I am reminded of a prescient remark by Tony Lucas at Flexiant, a UK cloud provider, who told me a couple of years ago (with commendable honesty) that cloud failures will be rare, but when they occur will be on a grand scale.
It seems that it is hard to engineer around the possibility of cascading failure. I am not sure what happened in North Virginia, but Amazon says on its status page that:
A networking event early this morning triggered a large amount of re-mirroring of EBS volumes in US-EAST-1. This re-mirroring created a shortage of capacity in one of the US-EAST-1 Availability Zones, which impacted new EBS volume creation as well as the pace with which we could re-mirror and recover affected EBS volumes. Additionally, one of our internal control planes for EBS has become inundated such that it’s difficult to create new EBS volumes and EBS backed instances.
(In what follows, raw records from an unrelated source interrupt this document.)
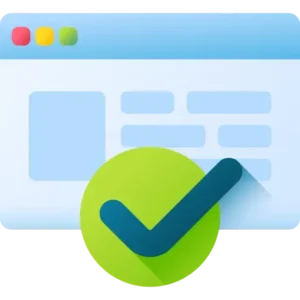 Program to Check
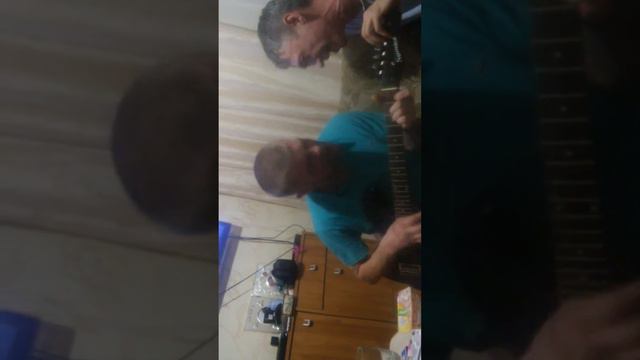 Аульские ребята жгут смотреть онлайн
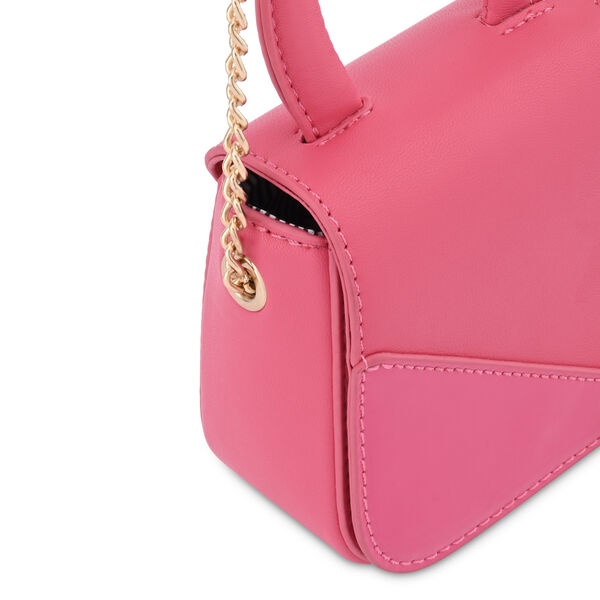 Pink Micro Sling - image number 5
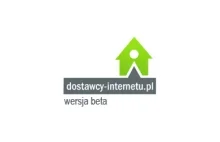 Czy Internet rzeczywiście trafi pod strzechy?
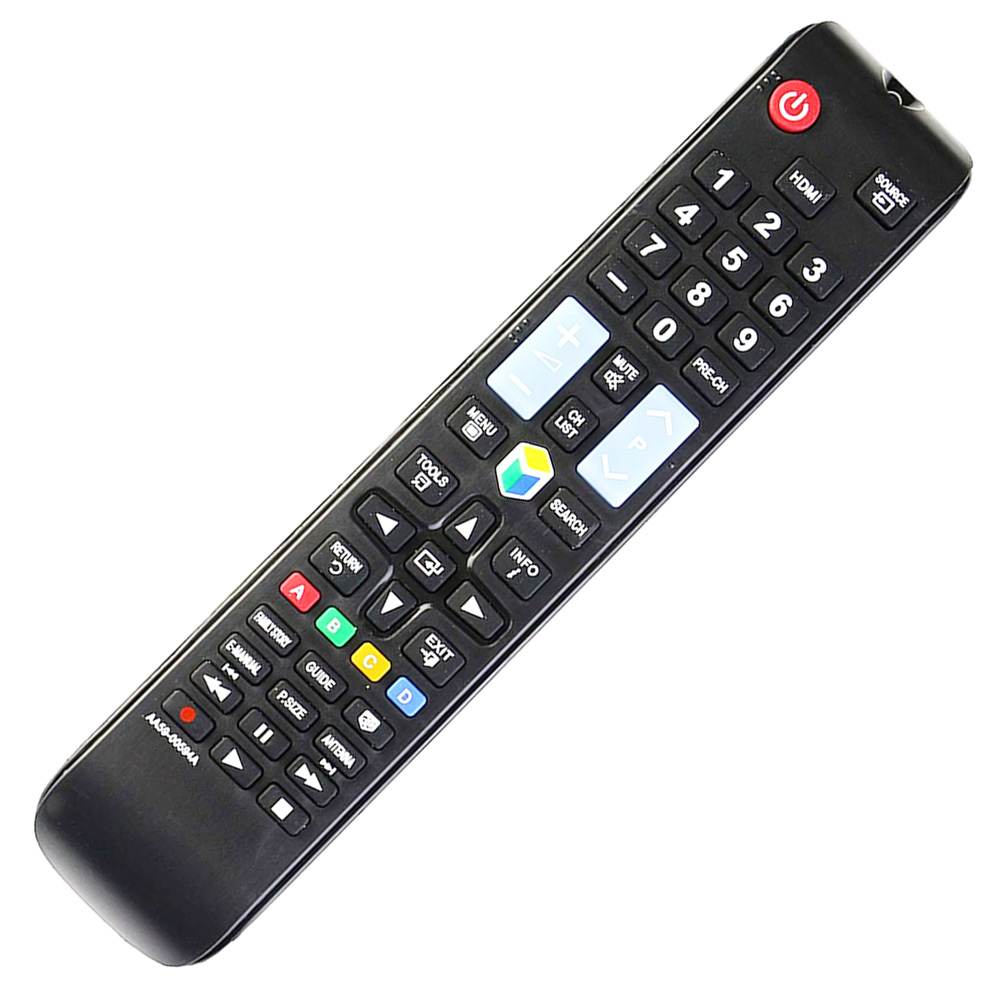 Telecomandă TV pentru Samsung AA59-00594A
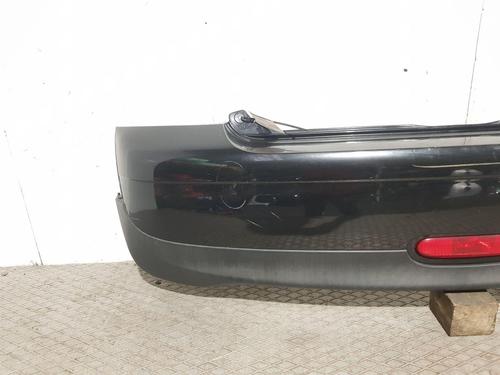 Rear bumper MINI MINI (R56) Cooper D | BP27469823C8 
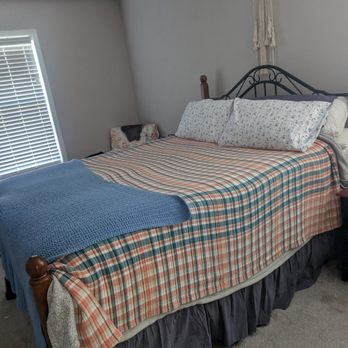 Tight Y & Clean - Home Cleaning Near Me - Forest, Virginia Tight Y & Clean - Home Cleaning Near Me - Forest, Virginia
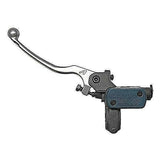 AJP  MINERAL OIL LARGE CLUTCH MASTER CYLINDER FOR GAS GAS PRO TRS ETC - Trials Bike Breakers UK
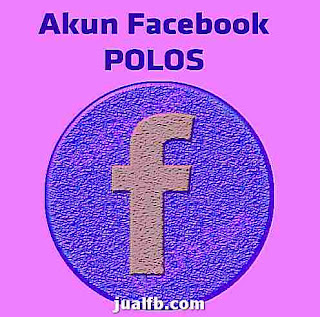 jual akun facebook polos jual akun facebook fress jual akun facebook marketplace jual akun facebook umur 1 tahun jual akun facebook berfoto jual akun facebook Halaman jual akun facebook Fanpage jual akun facebook Untuk Game jual akun facebook Murah jual akun fb polos jual akun fb fress jual akun fb marketplace jual akun fb umur 1 tahun jual akun fb berfoto jual akun fb Halaman jual akun fb Fanpage jual akun fb Untuk Game jual akun fb Murah jualakunfacebookpolos jualakunfacebookfress jualakunfacebookmarketplace jualakunfacebookumur1tahun jualakunfacebookberfoto jualakunfacebookHalaman jualakunfacebookFanpage jualakunfacebookUntukGame jualakunfacebookMurah jualakunfbpolos jualakunfbfress jualakunfbmarketplace jualakunfbumur1tahun jualakunfbberfoto jualakunfbHalaman jualakunfbFanpage jualakunfbUntukGame jualakunfbMurah jual akun fb jual akun fb lama jual akun fb tua jual akun fb kosongan jual akun fb ads jual akun fb cookies jual akun fb fresh jual akun fb bm jual akun fb shopee jual akun facebook jual akun facebook lama jual akun facebook kosongan jual akun facebook ads jual akun facebook 5000 teman jual akun facebook tua jual akun facebook murah dan aman jual akun facebook gaming jual akun facebook fresh jual akun facebook verif ktp jual akun facebook 2020 jual akun facebook business manager jual akun facebook lawas jual akun facebook bm jual beli akun facebook beli akun fb cara jual akun facebook jual akun ff di facebook cara jual akun ff facebook jual akun facebook old jual beli akun fb jual akun fb 2020 jual akun fb business manager jual akun fb lawas cara jual akun fb jual akun ff di fb cara jual akun ff fb jual akun fb gaming jual akun fb old jual akun fb 5000 teman #jualfacebook #jualfb #jualakunfacebookkosongan #jualakunfacebook2020 #jualakunfacebooklama #jualakunfacebookbusinessmanager #jualakunfacebooklawas #jualakunfacebookads #jualakunfacebookbm #jualbeliakunfacebook #beliakunfb #carajualakunfacebook #jualakunffdifacebook #carajualakunfffacebook #jualakunfacebookgaming #jualakunfacebookmurah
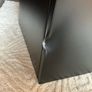 Desk Pedestal Image 5
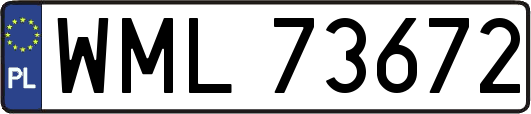 WML73672
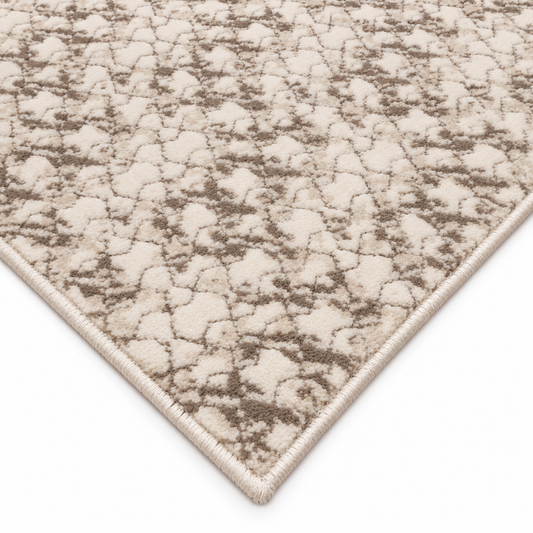 Rug2x3 ft - DE04795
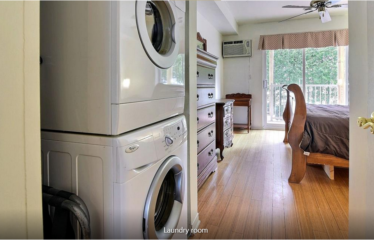 570 Ch. des Frênes, Piedmont, apt. 3202 Laurentides Quebec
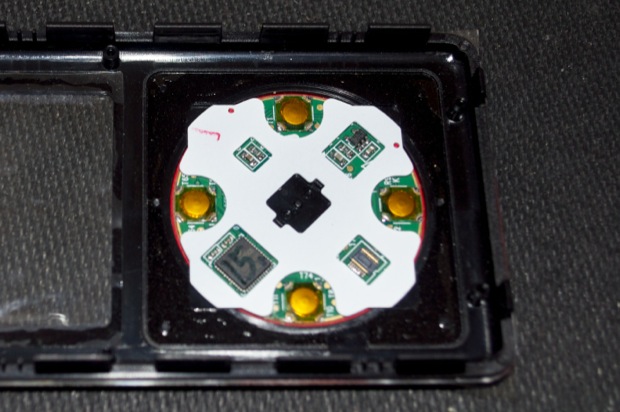 u2_ipod_restoration_0086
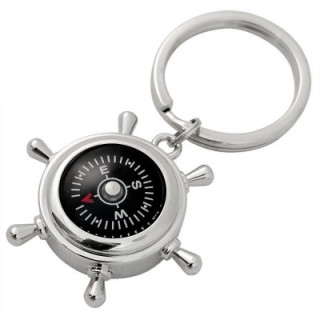 PRIVJESAK NAVIGARE 62100 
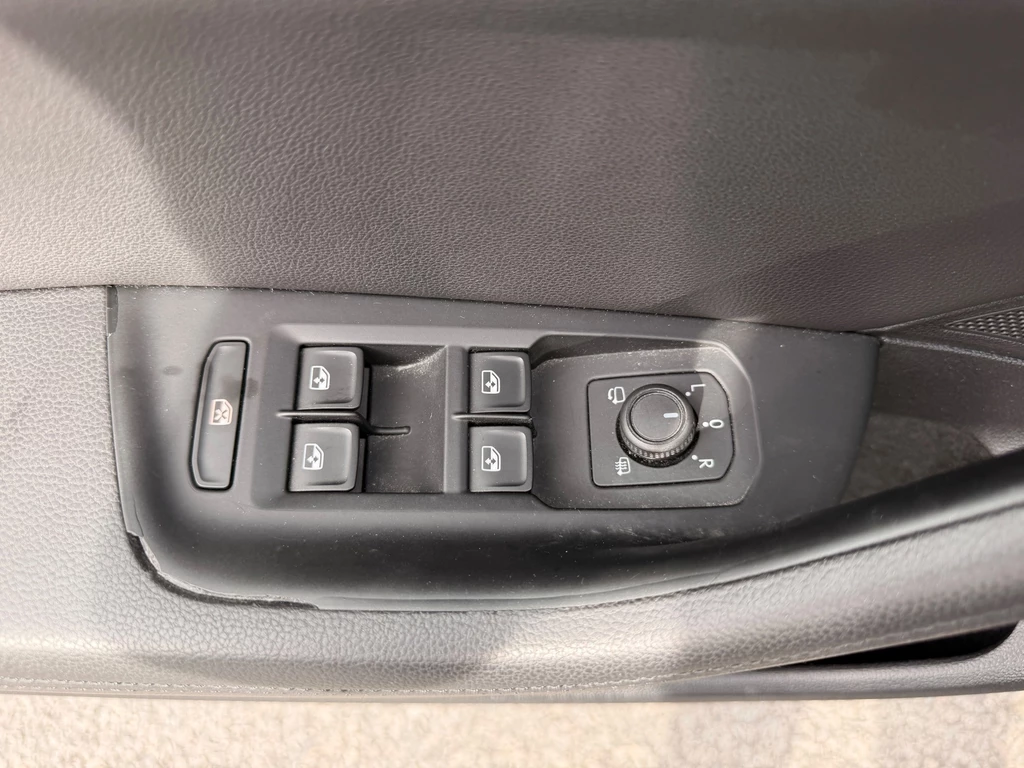 Volkswagen Passat – foto 26
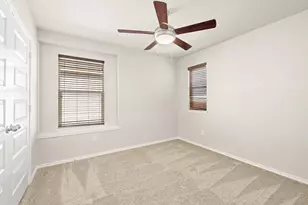 1021 Cowberry Dr, Georgetown, TX 78626 - Photo 20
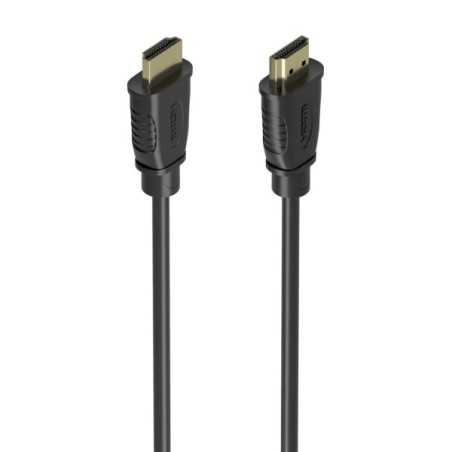 Aisens Cable HDMI V2.1 8K@60Hz - 1.5m - A150-0959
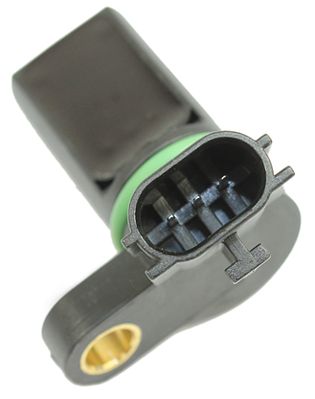 METZGER Sensor, Nockenwellenposition 0903224 f&uuml;r NISSAN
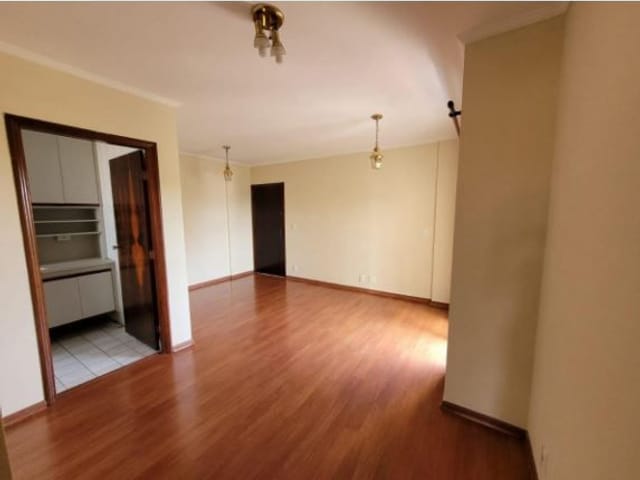 Foto do Apartamento - Apartamento à venda, 77 m² por R$ 410.000,00 - Jardim das Indústrias - São José dos Campos/SP | INDEPENDENCE NEGOCIOS IMOBILIARIOS LTDA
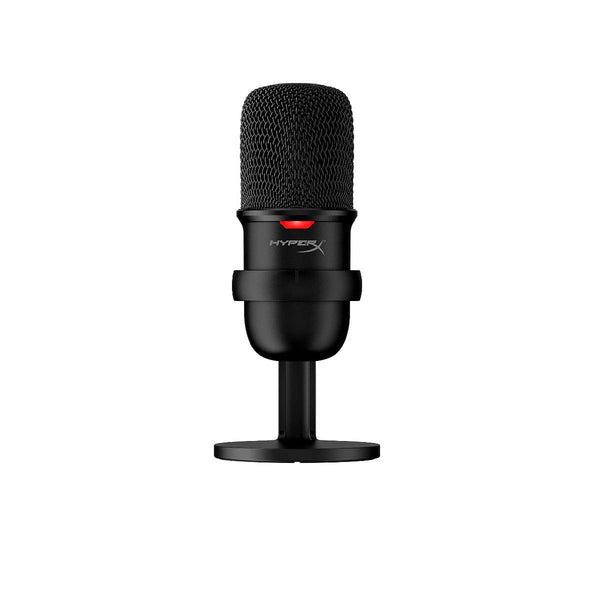 Hyperx Solocast Condenser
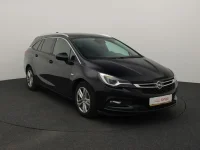 Opel Astra 1.6 100kW thumbnail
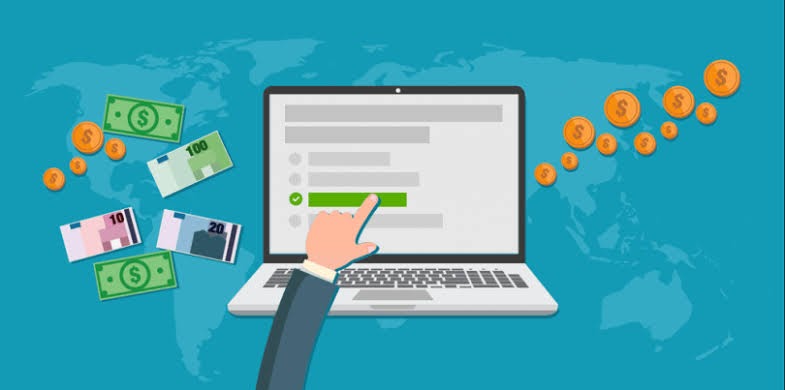 rootalfaonlinetc.blogspot.com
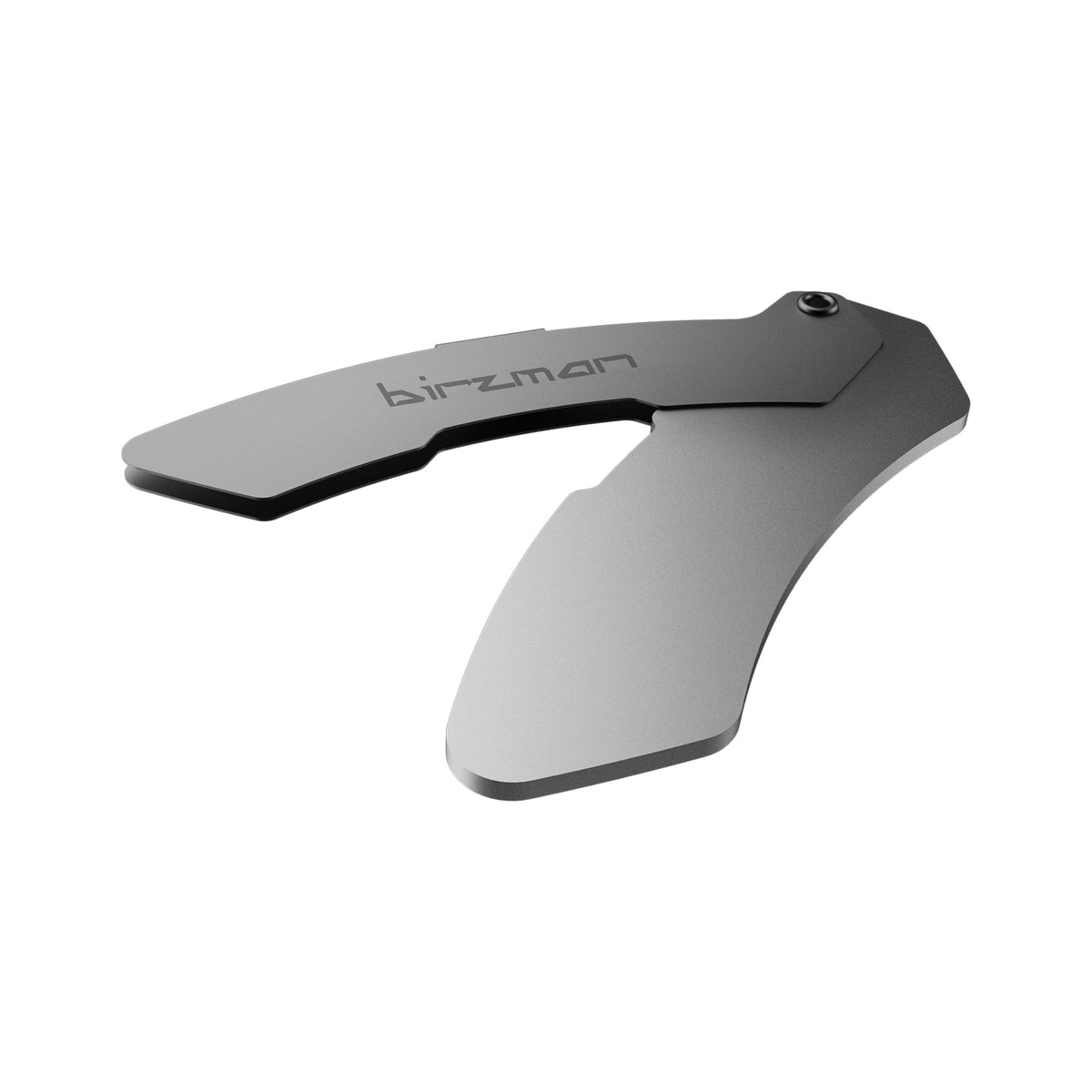 Birzman Bremswerkzeug Razor Clam (disc brake gap measurer)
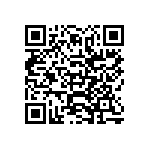 SIT1602BI-32-XXE-25-000625Y QRCode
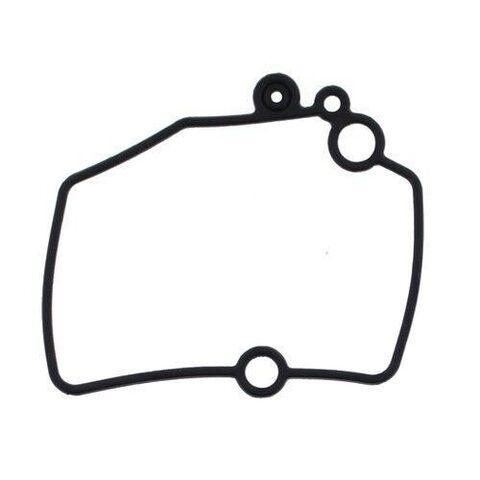 Прокладка поплавкойвой камеры оригинал Yamaha 4GY-14384-00-00 для Yamaha TTR 250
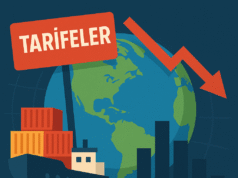 Dünya Ticaret Örgütü’nün Küresel Ticaret Görünüm Raporu: Tarife Artışlarının Gölgesinde Güncellenen Projeksiyonlar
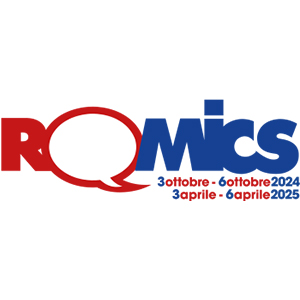 Romics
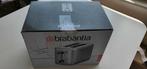Brabantia BBEK1021N, Ophalen of Verzenden, Zo goed als nieuw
It sounds like an automated recovery system built into the compute cloud actually became the problem, as a large number of volumes tried to fix themselves at the same time.
This is not the first Amazon outage, but I believe it is the most severe; though it could have been worse and I have not heard that any data was lost. What are the implications?
Any computer system can fail. There will be a lot of companies reflecting on this though, both those directly affected and others, and realising that the cloud can be a single point of failure, despite the scale and expertise which a company like Amazon invests in high availability.
Is Amazon EC2 more or less likely to fail for an extended period than Salesforce.com? Or Microsoft Azure? Or Google App Engine, or Gmail, or IBM’s evolving SmartCloud? Clearly an excellent question; but I am not sure how we go about answering it other than by reviewing historical performance. I do not expect any of these companies to take advantage of Amazon’s problems to proclaim their own superior resiliency; they will all be worrying too much about the same thing happening on their platforms.
My guess is that the industry will get better at this, and that at some unspecified future moment the chance of one of these cloud platforms failing for three days will become exceedingly small – of course risk can never be eliminated, only reduced.
It seems that the risk is not exceedingly small on Amazon’s cloud today; and we should probably assume that the same applies to other providers.
That is something we have always known, so in one sense nothing has changed. This outage is a sharp reminder though; and planning for failure is a hidden cost of cloud computing that has now been brought into the light.